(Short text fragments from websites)
----
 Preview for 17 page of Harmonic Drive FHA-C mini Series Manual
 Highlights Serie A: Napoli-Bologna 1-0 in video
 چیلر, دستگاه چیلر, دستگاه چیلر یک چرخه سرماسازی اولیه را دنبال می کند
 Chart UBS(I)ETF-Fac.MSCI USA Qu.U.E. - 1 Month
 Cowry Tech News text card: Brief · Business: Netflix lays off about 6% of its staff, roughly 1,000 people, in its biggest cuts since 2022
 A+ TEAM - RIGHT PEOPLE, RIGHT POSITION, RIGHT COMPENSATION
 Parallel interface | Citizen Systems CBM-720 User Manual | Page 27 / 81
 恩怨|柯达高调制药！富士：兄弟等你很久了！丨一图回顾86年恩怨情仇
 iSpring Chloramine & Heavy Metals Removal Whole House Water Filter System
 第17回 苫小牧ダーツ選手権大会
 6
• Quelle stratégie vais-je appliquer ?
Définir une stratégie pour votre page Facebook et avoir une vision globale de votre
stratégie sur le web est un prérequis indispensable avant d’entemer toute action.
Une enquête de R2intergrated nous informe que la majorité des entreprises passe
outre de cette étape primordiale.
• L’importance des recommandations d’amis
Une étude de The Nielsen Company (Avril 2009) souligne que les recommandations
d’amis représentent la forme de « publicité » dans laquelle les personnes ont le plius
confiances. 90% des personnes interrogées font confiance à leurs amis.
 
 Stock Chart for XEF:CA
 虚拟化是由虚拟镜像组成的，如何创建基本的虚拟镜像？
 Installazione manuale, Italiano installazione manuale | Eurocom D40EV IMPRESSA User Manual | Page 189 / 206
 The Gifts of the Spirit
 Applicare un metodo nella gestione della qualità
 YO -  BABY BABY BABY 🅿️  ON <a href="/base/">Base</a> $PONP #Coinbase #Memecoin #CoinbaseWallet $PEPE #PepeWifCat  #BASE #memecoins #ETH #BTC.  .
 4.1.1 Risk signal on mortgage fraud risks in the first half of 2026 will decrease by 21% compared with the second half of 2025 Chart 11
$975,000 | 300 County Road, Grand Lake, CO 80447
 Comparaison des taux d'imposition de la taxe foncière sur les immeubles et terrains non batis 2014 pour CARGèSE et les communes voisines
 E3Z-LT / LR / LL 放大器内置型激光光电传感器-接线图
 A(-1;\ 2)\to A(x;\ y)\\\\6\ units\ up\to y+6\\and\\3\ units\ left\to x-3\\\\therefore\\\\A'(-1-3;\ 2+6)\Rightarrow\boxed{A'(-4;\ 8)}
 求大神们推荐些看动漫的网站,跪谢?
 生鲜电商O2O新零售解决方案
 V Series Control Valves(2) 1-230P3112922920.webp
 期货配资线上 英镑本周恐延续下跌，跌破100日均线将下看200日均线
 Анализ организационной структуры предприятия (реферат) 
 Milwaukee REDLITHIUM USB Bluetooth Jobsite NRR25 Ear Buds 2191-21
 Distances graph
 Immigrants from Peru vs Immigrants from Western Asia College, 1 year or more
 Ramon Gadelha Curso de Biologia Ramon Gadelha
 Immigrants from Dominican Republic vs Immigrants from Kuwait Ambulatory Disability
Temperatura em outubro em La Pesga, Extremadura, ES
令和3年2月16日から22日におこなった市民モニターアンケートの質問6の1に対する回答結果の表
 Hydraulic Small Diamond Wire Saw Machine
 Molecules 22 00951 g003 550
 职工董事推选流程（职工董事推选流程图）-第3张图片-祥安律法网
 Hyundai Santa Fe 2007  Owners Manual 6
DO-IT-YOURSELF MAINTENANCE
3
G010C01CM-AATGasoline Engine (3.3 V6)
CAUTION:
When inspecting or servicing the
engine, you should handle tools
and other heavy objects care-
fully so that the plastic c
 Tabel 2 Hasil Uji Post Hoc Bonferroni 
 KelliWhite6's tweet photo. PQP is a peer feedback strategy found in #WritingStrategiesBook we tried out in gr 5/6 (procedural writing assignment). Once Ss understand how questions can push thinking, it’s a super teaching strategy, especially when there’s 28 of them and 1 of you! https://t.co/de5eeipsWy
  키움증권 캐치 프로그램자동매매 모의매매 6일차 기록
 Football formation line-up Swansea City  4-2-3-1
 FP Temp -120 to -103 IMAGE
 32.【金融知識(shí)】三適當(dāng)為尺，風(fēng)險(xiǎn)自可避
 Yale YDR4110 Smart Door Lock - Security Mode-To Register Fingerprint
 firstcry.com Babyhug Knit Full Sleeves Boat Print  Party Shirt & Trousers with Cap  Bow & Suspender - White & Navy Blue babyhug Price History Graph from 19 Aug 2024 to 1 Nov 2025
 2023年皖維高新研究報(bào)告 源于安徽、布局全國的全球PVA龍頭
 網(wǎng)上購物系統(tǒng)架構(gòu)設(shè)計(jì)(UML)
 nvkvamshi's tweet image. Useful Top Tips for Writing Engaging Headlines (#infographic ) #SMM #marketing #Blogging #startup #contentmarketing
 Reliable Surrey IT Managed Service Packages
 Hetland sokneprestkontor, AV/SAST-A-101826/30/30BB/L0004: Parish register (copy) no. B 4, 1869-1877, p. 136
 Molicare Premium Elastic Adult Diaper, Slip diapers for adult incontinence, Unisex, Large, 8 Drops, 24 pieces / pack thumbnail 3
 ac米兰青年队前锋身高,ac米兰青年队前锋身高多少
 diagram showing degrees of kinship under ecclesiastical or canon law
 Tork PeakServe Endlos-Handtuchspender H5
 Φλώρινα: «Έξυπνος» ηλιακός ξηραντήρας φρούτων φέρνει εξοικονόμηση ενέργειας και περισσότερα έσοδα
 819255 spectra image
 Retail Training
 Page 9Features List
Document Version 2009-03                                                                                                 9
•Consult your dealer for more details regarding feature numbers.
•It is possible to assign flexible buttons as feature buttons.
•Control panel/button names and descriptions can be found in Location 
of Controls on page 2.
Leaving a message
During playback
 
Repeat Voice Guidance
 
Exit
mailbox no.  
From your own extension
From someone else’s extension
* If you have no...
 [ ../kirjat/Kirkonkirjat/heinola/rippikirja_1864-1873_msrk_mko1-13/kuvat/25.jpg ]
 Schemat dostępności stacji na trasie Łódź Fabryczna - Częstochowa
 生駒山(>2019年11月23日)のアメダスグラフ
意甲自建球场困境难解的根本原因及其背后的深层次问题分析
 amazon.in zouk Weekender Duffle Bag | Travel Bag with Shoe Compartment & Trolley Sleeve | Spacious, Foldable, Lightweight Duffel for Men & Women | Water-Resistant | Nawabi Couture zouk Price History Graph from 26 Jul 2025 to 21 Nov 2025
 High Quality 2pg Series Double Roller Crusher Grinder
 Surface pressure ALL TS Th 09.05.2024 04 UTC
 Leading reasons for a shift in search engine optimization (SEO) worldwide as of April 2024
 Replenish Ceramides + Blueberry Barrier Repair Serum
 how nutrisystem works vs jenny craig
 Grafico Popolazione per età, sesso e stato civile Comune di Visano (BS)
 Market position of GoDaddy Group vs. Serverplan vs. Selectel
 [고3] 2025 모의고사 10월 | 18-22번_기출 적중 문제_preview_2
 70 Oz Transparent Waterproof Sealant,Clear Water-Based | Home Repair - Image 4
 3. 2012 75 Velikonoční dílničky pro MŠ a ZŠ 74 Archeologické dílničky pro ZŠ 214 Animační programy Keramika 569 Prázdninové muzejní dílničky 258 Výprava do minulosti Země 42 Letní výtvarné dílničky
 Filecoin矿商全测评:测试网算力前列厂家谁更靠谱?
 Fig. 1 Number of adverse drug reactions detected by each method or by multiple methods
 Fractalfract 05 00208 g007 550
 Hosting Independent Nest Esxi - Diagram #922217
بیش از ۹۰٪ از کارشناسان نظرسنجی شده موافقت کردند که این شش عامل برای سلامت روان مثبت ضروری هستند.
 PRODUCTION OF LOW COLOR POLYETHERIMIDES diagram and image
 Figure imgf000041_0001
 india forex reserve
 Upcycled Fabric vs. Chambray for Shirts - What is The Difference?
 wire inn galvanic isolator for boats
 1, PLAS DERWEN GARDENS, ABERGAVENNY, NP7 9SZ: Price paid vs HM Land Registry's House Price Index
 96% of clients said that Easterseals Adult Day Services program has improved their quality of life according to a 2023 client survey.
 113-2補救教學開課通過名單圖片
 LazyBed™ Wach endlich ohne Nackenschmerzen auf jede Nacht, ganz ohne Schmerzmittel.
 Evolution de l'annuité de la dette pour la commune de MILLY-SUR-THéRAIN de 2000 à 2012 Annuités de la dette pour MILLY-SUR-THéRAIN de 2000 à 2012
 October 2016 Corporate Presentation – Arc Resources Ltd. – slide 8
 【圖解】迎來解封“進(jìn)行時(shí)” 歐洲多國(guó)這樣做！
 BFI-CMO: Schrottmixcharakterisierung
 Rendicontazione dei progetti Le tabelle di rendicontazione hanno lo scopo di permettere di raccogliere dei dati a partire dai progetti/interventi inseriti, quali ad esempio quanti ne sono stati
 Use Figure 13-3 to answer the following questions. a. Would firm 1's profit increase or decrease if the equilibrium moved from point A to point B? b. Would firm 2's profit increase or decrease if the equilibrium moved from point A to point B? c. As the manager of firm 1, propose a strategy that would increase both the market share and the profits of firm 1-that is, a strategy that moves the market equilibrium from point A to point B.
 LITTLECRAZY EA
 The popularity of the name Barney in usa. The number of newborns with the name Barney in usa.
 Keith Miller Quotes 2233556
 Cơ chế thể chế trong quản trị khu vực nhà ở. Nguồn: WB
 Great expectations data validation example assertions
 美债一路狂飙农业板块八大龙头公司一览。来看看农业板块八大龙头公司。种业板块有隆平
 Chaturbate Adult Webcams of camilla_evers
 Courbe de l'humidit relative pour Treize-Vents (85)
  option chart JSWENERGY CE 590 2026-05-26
----
→ What needs to be done
Return the span of lines in the data above that opens at the line with "Tabel 2 Hasil Uji Post Hoc Bonferroni" and closes at the line with "regarding feature numbers.", exactly, ends included, nothing else.

→ Solution below
 Tabel 2 Hasil Uji Post Hoc Bonferroni 
 KelliWhite6's tweet photo. PQP is a peer feedback strategy found in #WritingStrategiesBook we tried out in gr 5/6 (procedural writing assignment). Once Ss understand how questions can push thinking, it’s a super teaching strategy, especially when there’s 28 of them and 1 of you! https://t.co/de5eeipsWy
  키움증권 캐치 프로그램자동매매 모의매매 6일차 기록
 Football formation line-up Swansea City  4-2-3-1
 FP Temp -120 to -103 IMAGE
 32.【金融知識(shí)】三適當(dāng)為尺，風(fēng)險(xiǎn)自可避
 Yale YDR4110 Smart Door Lock - Security Mode-To Register Fingerprint
 firstcry.com Babyhug Knit Full Sleeves Boat Print  Party Shirt & Trousers with Cap  Bow & Suspender - White & Navy Blue babyhug Price History Graph from 19 Aug 2024 to 1 Nov 2025
 2023年皖維高新研究報(bào)告 源于安徽、布局全國的全球PVA龍頭
 網(wǎng)上購物系統(tǒng)架構(gòu)設(shè)計(jì)(UML)
 nvkvamshi's tweet image. Useful Top Tips for Writing Engaging Headlines (#infographic ) #SMM #marketing #Blogging #startup #contentmarketing
 Reliable Surrey IT Managed Service Packages
 Hetland sokneprestkontor, AV/SAST-A-101826/30/30BB/L0004: Parish register (copy) no. B 4, 1869-1877, p. 136
 Molicare Premium Elastic Adult Diaper, Slip diapers for adult incontinence, Unisex, Large, 8 Drops, 24 pieces / pack thumbnail 3
 ac米兰青年队前锋身高,ac米兰青年队前锋身高多少
 diagram showing degrees of kinship under ecclesiastical or canon law
 Tork PeakServe Endlos-Handtuchspender H5
 Φλώρινα: «Έξυπνος» ηλιακός ξηραντήρας φρούτων φέρνει εξοικονόμηση ενέργειας και περισσότερα έσοδα
 819255 spectra image
 Retail Training
 Page 9Features List
Document Version 2009-03                                                                                                 9
•Consult your dealer for more details regarding feature numbers.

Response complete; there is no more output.